It has been a year. Doesn’t feel like it. I sit in this empty house staring at its emptiness which seems to reflect the emptiness in my heart. I close my eyes. It reminds me of that day again. The day you left me for dad. You always wanted to go with dad. He beat you to death. Or was it the other way around. Did death beat you to get to him first? I don’t know. But death sure stormed into this house to leave me devastated. I have been alone many times in life. I felt lonely for the first time. I open my eyes. I still do.
The vacuum in my mind has not filled. The scar in my soul has not healed. The hole in my heart still bleeds. They say time heals everything. May be I don’t want it to. I have spent days in this house mentally recreating the magical moments we shared right here. They make up most of my life anyway. I don’t have much else. A stopped clock, a broken bat, a spider web, an old calendar, a torn slipper, a coffee mug, a dusted picture: all shake me up and take me back in time. I don’t want to come back.
While I feel lonely in the house I once ran riot in, I feel out of place in a crowded city that I never left. The three of us have been to almost every nook and corner it has to offer. Now I wander the streets thronging all our spots hoping to find you. It brings pain and joy at once. I see you. I see us. And then I see me. Alone!
I have been back to that day several times. I am there again now. I see you are cold. Very cold. As cold as dad was. That doesn’t seem to affect you. You seem to be sleeping rather peacefully. Like any other day. Your right eye opened ever so slightly. I touch you. You don’t stir. I kiss you. You don’t flinch. How can you be sleeping in this scorching sun? They say you can hear me. Can you? You seem at peace. Just like dad. There seems to be a faint smile in the corner of your lips. You are probably excited to see him again. What about me? Am I being selfish?
It is déjà vu again. I take you through the streets of Pondicherry one last time. But for the first time it is not on two wheels but four. And for the first time you are not touching my shoulder and asking me to go slowly. Why don’t you? I promise I will listen this time.
We stop somewhere. This place looks familiar. A little too familiar. I don’t want to get out. I am forced to. I see dad has reserved you a spot right next to him. This is not the first time fire and smoke have engulfed me. This is not the first time I have lost my sense of time or place. But this is the first time I have been truly shaken. I stutter through the ceremonies as my brain projects flashes of our times together through the lens of my eyes. You burn outside while I burn on the inside.
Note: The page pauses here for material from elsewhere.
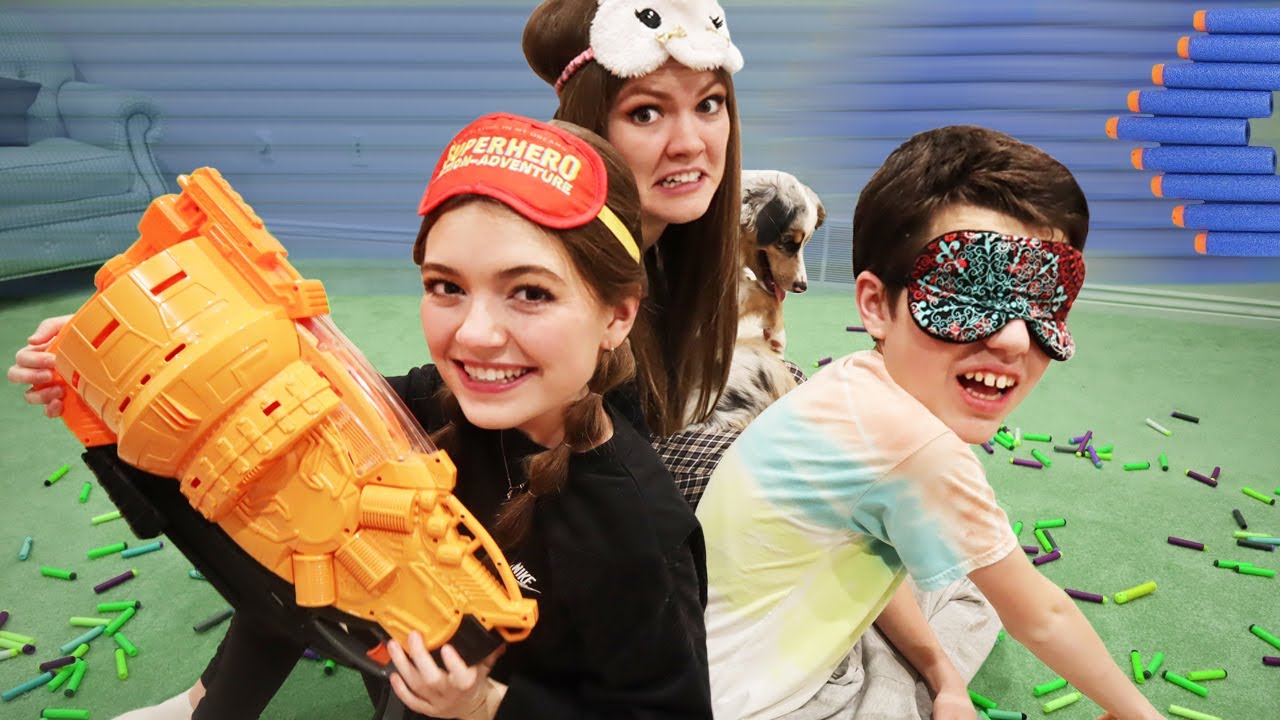 Find Your Weapon! Blindfolded Blaster Battle!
I take your ashes to the exact same spot and watch you swim towards dad. I know you will miss me but I am also happy for you. A wonderful life comes to an end and hopefully another one starts.
It is not that simple for me though. I come back to present day. The house is still empty. And so am I as I still keep searching for bits and pieces of you to hold on to.
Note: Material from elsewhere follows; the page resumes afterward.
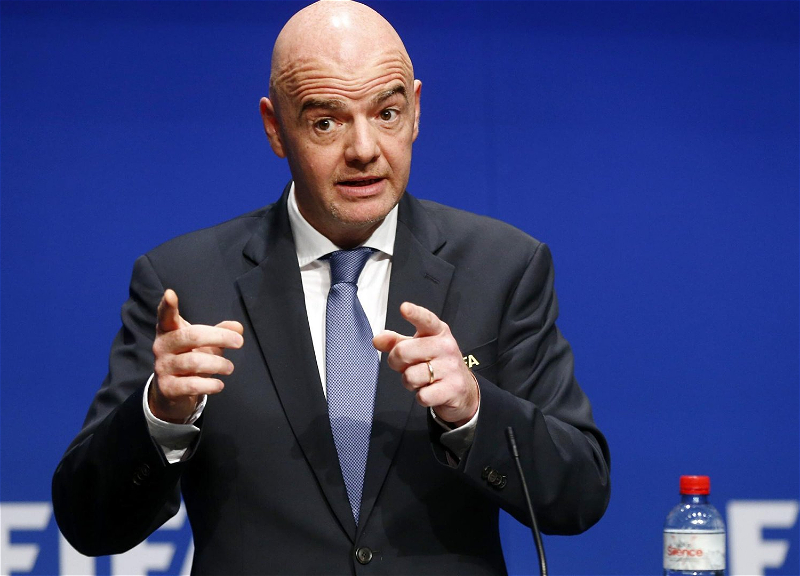 Глава ФИФА выступил за присуждение поражений клубам, болельщики которых проявили расизм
It seems like death has taken a liking to me. Not literally, at least not yet. But it has been around in my life for the past few years. It has given me a lot of scars but at the same time it has brought back so many memories that had been locked away in all corners of my heart and mind. Childhood, boyhood and adulthood flash through my eyes. I don’t seem to know the difference between smiling and crying anymore.
It is like we are pen friends. Did I just call death my friend? I guess he (or she) is. I hate him for taking away the two people who defined my existence. Life barely seems to tread along without them. I hate him less for making it painless. For them. It has been a world of pain for me and I will have to live with it.